The largest temporary private 5G standalone network of its type was used by 20 broadcasters, including BBC, CBS, Sky and CNN.
The network delivered 1 Gbps of wireless connectivity, carrying high definition (HD) video from wireless cameras to production facilities around the world.
Early design and testing of this network took place at The Scotland 5G Centre’s Rural Testbed at Ross Priory in Loch Lomond in a collaboration involving key partners from the broadcast and media production industry.
The Scotland 5G Centre, funded by the Scottish Government, is the national centre for accelerating the deployment and adoption of 5G connectivity in Scotland.
Along with Loch Lomond, the centre has a number of Innovation Hubs and testbeds all over Scotland, supporting industry and public sectors with advanced connectivity solutions.
The Scottish Government’s aspiration is for Scotland to be at the forefront of the digital revolution and, ultimately, to establish the whole country as a leading 5G digital nation.

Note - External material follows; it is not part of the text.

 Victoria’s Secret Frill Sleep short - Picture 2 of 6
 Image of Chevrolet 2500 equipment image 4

Scottish Government Innovation Minister Richard Lochhead said: “The Scottish Government’s investment via our Scotland 5G Centre has made it possible for the Neutral Wireless team to break a new world record by broadcasting such an historic occasion to millions of people around the world over a 5G network.
“This outstanding achievement demonstrates once again how 5G technology can help transform Scotland’s economy by driving innovation and enhancing our global competitiveness.”
Ian Sharp, head of business development at the Scotland 5G Centre, said: “The Coronation filming shows the enormous scope of 5G technology, being trusted to facilitate the worldwide broadcast of a historical moment.
“While all eyes were on London, behind the scenes, Scottish innovation and testing in the S5GC rural testbed at Loch Lomond helped the broadcast of this important day to go smoothly. This achievement showcases the transformative potential of 5G, as well as the need for testbed facilities and innovation hubs to support industry with real world applications.”
Prof. Bob Stewart, University of Strathclyde, added: “This was an incredible 5G network to design, build and operate.
“Very exciting times for private 5G, which can be used to complement the public networks rather than compete with them. We have some exciting networks coming in 2024.”
Key partners for the private 5G network used at the Coronation include BBC R&D, StrathSDR, Sony, LiveU and Haivision.